Russel D McLean’s seventh novel is set in Glasgow and features Jen Carter, a failed writer who has become a bookseller. McLean knows plenty about Jen’s job, being a former bookseller himself before turning to writing full time. Ed, Jen’s boyfriend, is not the reliable type and has some dubious connections with Glasgow ‘businessmen’. One night Jen accidentally kills Ed and instead of calling the police and explaining, she decides to dispose of Ed’s body. She calls Dave, Ed’s stoner flatmate, and they get rid of the body. They split Ed’s loot; Jen takes his stash of cash while Dave takes custody of the drugs. At first it seems as if they have managed to get away with it but the money and the drugs didn’t actually belong to Ed and their rightful owner wants them back. Jen finds herself being chased by a hitman, gangsters, journalists, and crooked policemen. As the bodies pile up the tabloid press name her The Most Dangerous Woman in Scotland.

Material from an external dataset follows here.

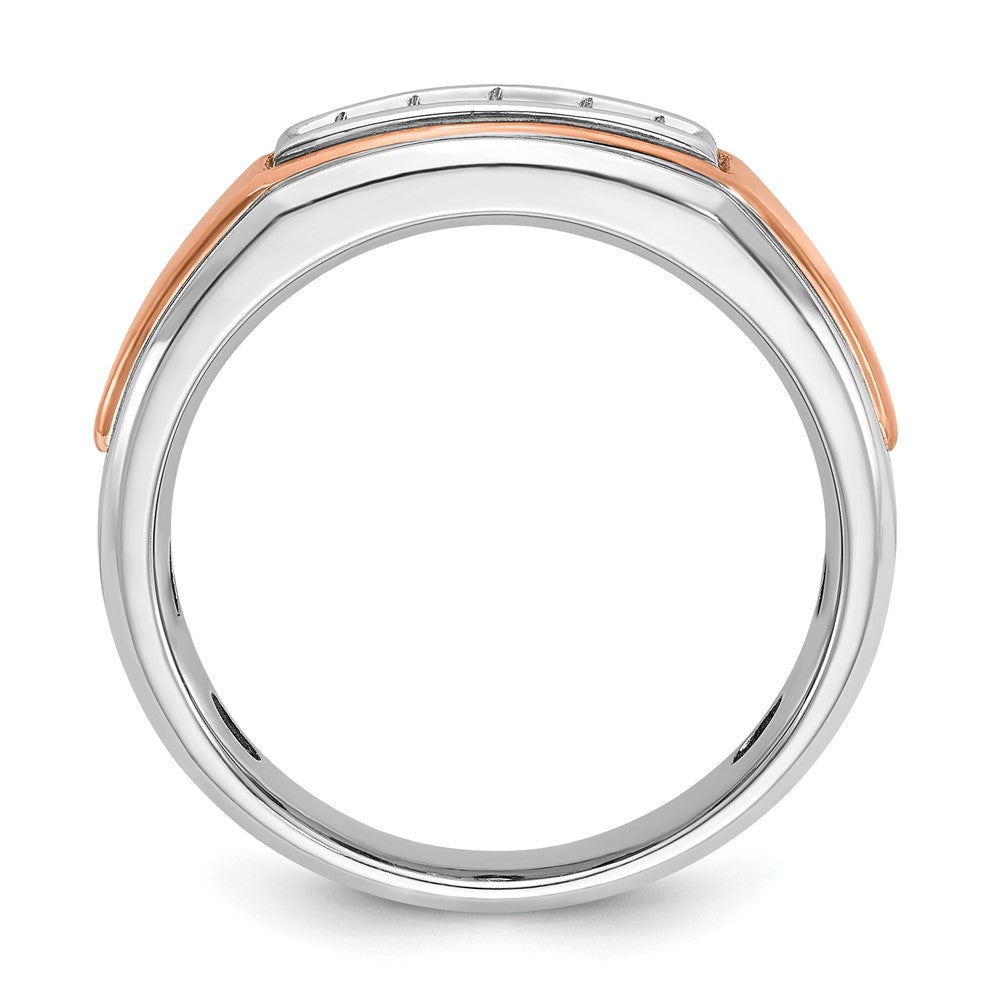 IBGoodman and Men's Polished 5-Stone 1/4 Carat AA Quality Diamond Ring - WBC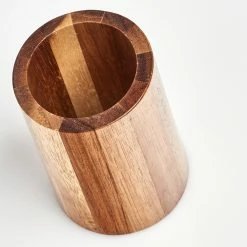 Zeller Zahnputzbecher Twisp - Akazie massiv - Grau -Badaccessoires Verkäufe 1000218253 200707 12193300042 DETAILS P000000001000218253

There is a lot of violence in this novel, and some of it is brutal, but McLean provides enough characterisation and pitch black humour to stop it sliding into a kill-fest. Solomon Buchan, who rules the city by instilling fear in his employees and victims alike, promises bloody vengeance on anyone who crosses him. Michael, a corrupt cop, is living too close to the edge and making too many mistakes for Buchan’s liking. Dave, Ed’s supposed friend, shows an unlikely entrepreneurial streak that only serves to plunge him further into trouble. The most intriguing character is Jen Carter, who starts off living a normal, anodyne life with a charming but dodgy boyfriend, her dreams being pushed on to the back burner as she sells books instead of writing them. Her instinct to call Dave rather than the police when she kills Ed seems odd, as is her agreement to go along with his rather gory plan. She lies and cheats like a pro and stands up to Buchan when no one else will. Death follows her around like a bad smell but she never seems broken by her losses. Is she really an innocent caught up in other people’s deadly games or does she have hidden depths? It is this dichotomy that makes her so fascinating. McLean has left the door open for Jen to return for another duel with the bad guys.
Contraband, an imprint of Saraband Books dedicated to crime and thriller novels, has already had major success with Graeme Macrae Burnet’s His Bloody Project. These novels will enhance their reputation for publishing gripping Scottish crime novels.